▶ _TASK INPUT_
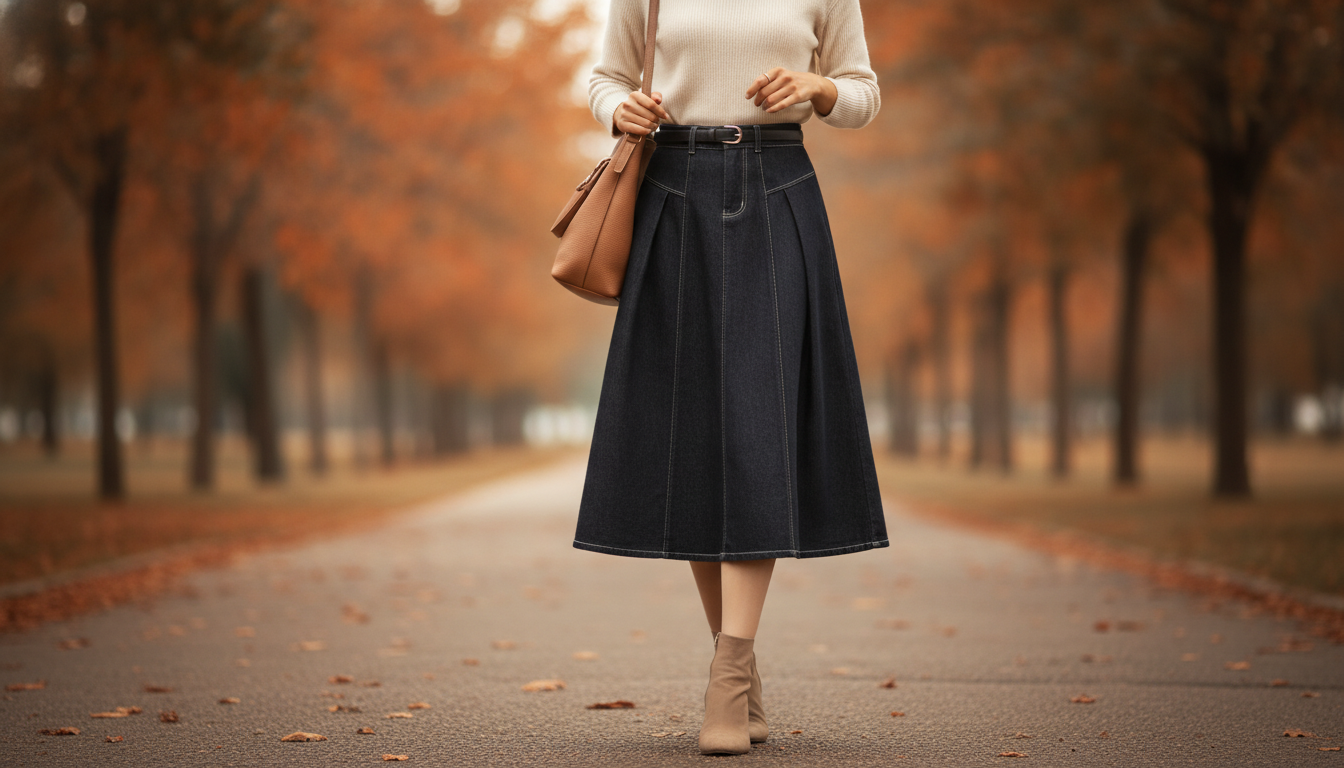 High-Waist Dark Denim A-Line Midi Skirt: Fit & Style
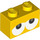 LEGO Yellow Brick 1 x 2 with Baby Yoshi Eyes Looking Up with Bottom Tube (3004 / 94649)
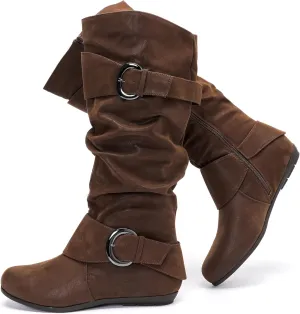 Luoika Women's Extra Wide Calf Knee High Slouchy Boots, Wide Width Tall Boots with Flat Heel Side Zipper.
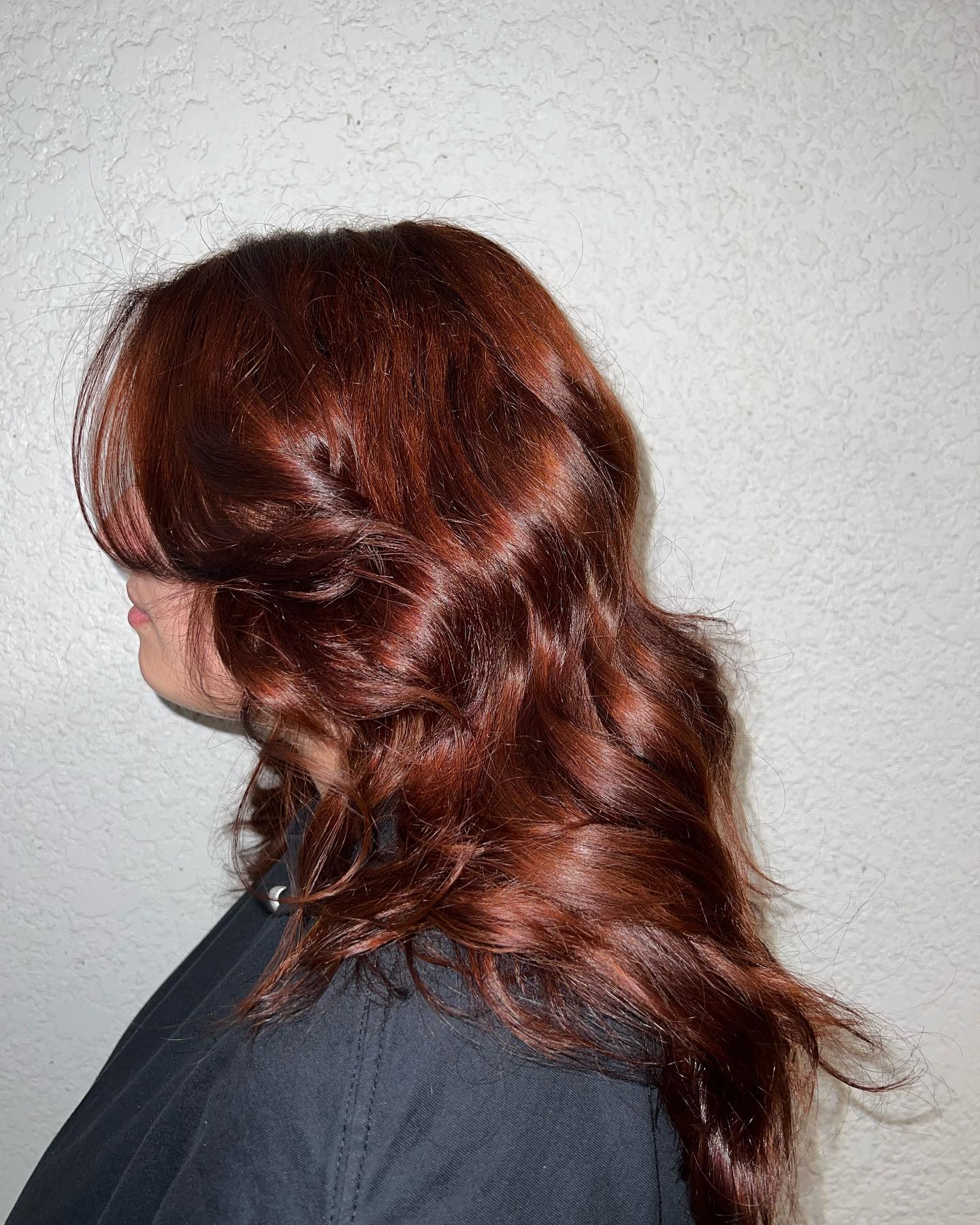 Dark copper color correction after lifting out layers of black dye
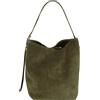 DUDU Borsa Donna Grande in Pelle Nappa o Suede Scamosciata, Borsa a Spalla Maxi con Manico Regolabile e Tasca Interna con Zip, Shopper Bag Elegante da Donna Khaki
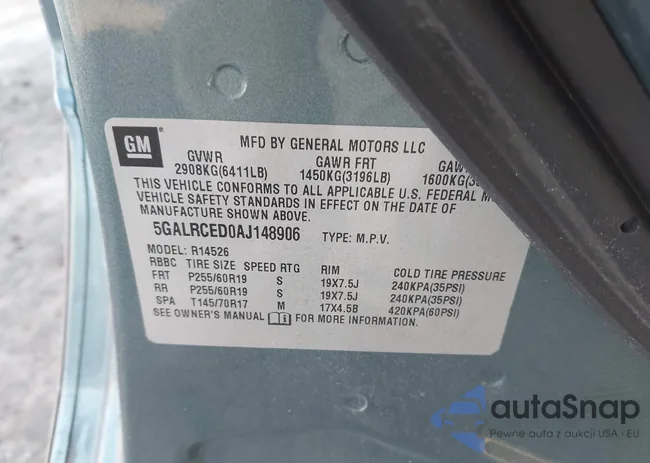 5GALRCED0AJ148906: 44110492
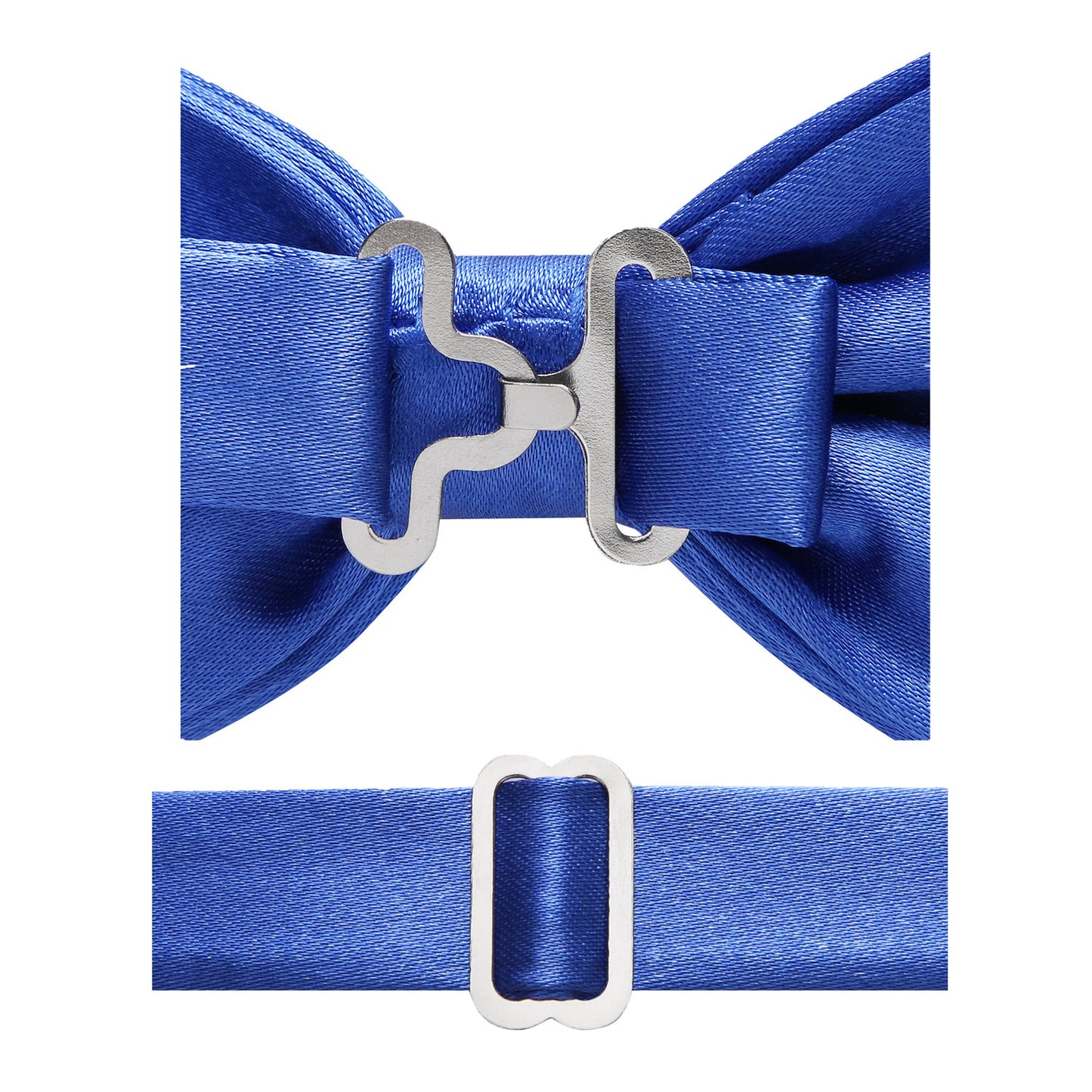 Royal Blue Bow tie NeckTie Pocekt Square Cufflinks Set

▶ _AIM OF THE EXERCISE_
With the pictures omitted, copy exactly the lines of the listing above starting at the line containing "LEGO Yellow Brick" and ending at the line containing "Dark copper color", both included.

▶ _RESPONSE_
 LEGO Yellow Brick 1 x 2 with Baby Yoshi Eyes Looking Up with Bottom Tube (3004 / 94649)
 Luoika Women's Extra Wide Calf Knee High Slouchy Boots, Wide Width Tall Boots with Flat Heel Side Zipper.
 Dark copper color correction after lifting out layers of black dye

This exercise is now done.